This month’s T-SQL Tuesday is hosted by friend and Zen Master Chris Yates (b/t). Since this T-SQL Tuesday falls on Chris' birthday, he's made it a present to all of us. Basically write about something you want to learn/teach/have/whatever in SQL Server. Since I've spent most of this year studying, I'm going to write about what I want to learn.
Some back story – at the PASS Summit last year, I had the good fortune (or possible misfortune) to spend time talking with Buck Woody[b/t] from the Microsoft Data Science and Machine Learning team. I've always been interested in the idea of data analytics and what does all of this stuff that we're collecting mean. Our conversation just happened to take place in a time when I was up for a challenge. So with some ideas from Buck and some research on my own, I've started down the data science path.
Since my bachelor's degree was entirely liberal arts, I deftly got around taking really any math at all. The last few months have been a combination of learning R as well as going back and learning the statistics and all of the math in between that I've avoided until now. Strangely enough, I've really enjoyed it. I also had the opportunity to attend the inaugural MS Data Insights Summit last March.

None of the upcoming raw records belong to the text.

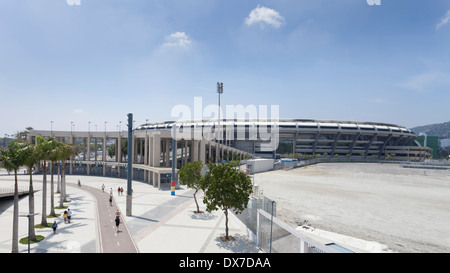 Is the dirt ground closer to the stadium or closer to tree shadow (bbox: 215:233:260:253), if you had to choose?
tree shadow (bbox: 215:233:260:253)

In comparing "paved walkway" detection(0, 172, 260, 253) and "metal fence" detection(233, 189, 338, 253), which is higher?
"metal fence" detection(233, 189, 338, 253)

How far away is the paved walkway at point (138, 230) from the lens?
17141 mm

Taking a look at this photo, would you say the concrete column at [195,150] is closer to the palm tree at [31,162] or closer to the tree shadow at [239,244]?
the tree shadow at [239,244]

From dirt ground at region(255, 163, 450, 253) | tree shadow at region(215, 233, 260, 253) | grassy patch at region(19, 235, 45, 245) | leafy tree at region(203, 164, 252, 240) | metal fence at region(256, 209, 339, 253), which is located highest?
leafy tree at region(203, 164, 252, 240)

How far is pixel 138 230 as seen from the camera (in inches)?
822

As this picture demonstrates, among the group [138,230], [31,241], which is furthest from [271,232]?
[31,241]

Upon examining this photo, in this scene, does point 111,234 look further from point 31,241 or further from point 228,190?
point 228,190

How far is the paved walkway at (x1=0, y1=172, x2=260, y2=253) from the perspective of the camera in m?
17.1

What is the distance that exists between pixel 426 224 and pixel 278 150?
106342 millimetres

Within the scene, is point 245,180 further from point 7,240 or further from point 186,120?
point 186,120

Now (finally) to the point of this T-SQL Tuesday. I'm really looking forward to using the R-Services that are available in SQL Server 2016. R along with add-on libraries does some pretty amazing data analysis and visualization on its own (see some here), but there are some limitations. Working with large data sets in R can be problematic because all of the work is done in resident memory. I have an okay sized laptop, but I might want to analyze data sets that are larger than the memory set available. Also, the common implementation is single threaded, which can make things difficult.

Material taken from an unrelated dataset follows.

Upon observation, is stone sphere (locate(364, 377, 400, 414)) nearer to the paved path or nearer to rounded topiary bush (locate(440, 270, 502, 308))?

With the SQL Server R Services available in SQL Server 2016, there are components that allow you to make use of the resources on the SQL Server instance for heavy calculations and working with large data sets. Additionally, obviously, you have access to the data that you're analyzing, and you can build R modules into stored procedures. R uses data frames, which are a similar concept to the tables that we're already used to working with.
It'll probably be a little while yet until I get working with the R services, but I'm really excited about going down that path soon.